All four operators which are licensed to use 900MHz or 1800MHz spectrum for GSM (O2, Vodafone, T-Mobile, Orange), were given those licences for free. Each of those pays an annual spectrum fee to Ofcom, in the region on £16m.
Those four plus Hutchison 3G acquired licences to operate UMTS at 2.1GHz, paying an aggregate £22bn in the big 3G auction. This was effectively a bid to stay in the market, as it appeared (at the time) to be the only opportunity to acquire an option to offer the next generation of technology, at a time when the consumer market was booming. The high aggregate fee was a consequence of the anticipated demand for advanced services, and an auction which was very well designed - at least from the government's point of view. [NB the £22bn went straight to the HM Treasury. You can think of it as a tax on future profits, paid by the shareholders of each of the successful bidders. Those shareholders will include, indirectly, most UK workers with a commercially-provided pension since Vodafone and BT (owner at the time of O2, then Cellnet) are major cap stocks which feature in most pension managers' portfolios.]

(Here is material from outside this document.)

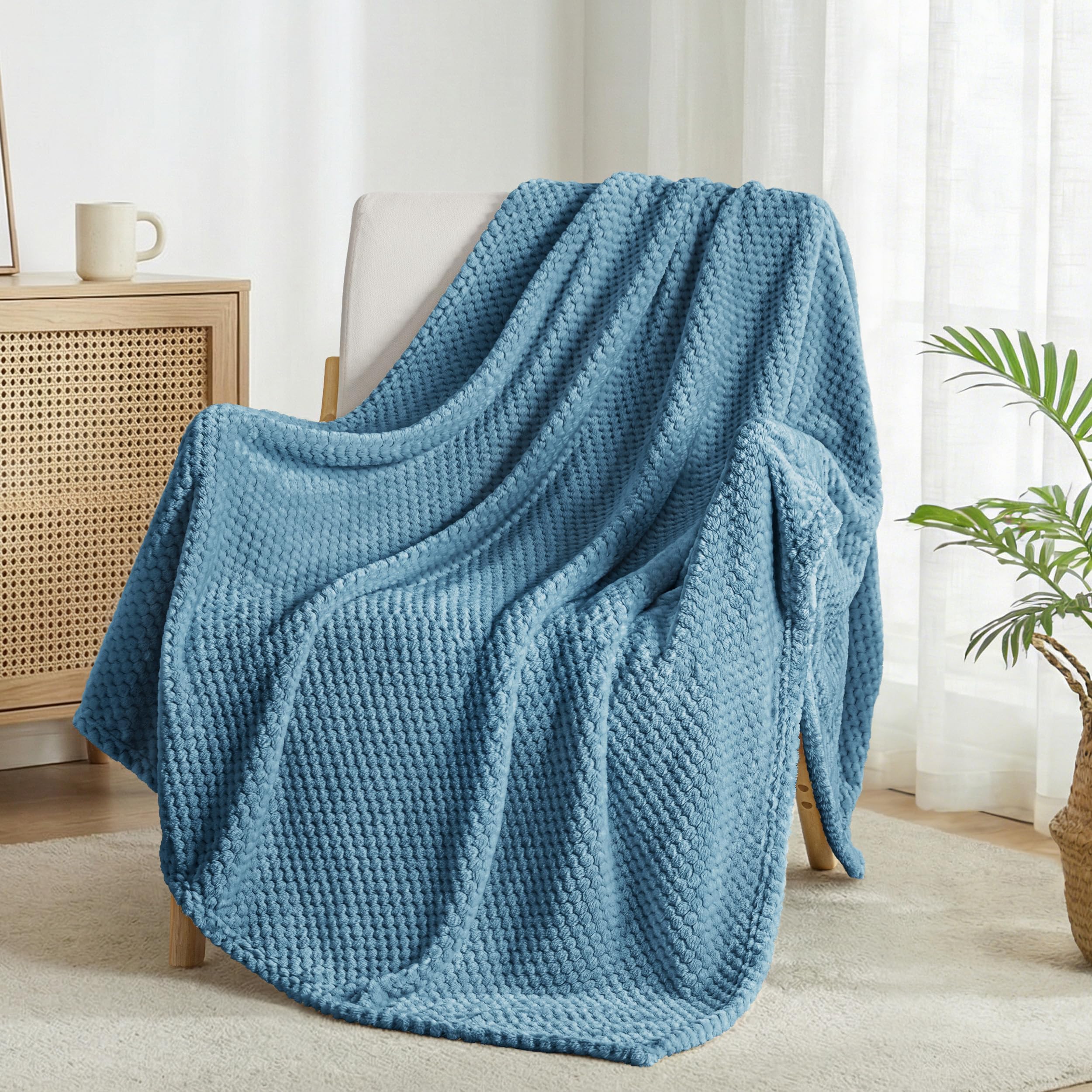 Beige Throw Pillow — 70"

What other competitors? WiFi operators use unlicensed spectrum at 2.4GHz. No fee on allocation, no annual fee to Ofcom. Pipex Wireless (or Freedom4 whatever) and UK Broadband acquired their licences to operate 'fixed' wireless access systems at 3.6GHz, this time at auction.
The point of this article is that Ofcom's proposals on 'refarming' represent a major redistribution of spectrum rights. This redistribution would remove a very significant amount capacity from O2 and Vodafone, to the practical benefit of T-Mobile and Orange. Ofcom claims that the benefit derives from other operators being able to offer services at 900MHz, with the better propagation characteristics provided by this band compared with 1800MHz or 2.1GHz. It is debatable whether the Communications Act 2003 was intended to promote such interventionist activity, or indeed whether it would actually benefit UK consumers in any material way.
Sorry for a dull post - but this is my job and it is irritating to read an endless stream of partly-informed posts. Not sure there is an IT angle, though.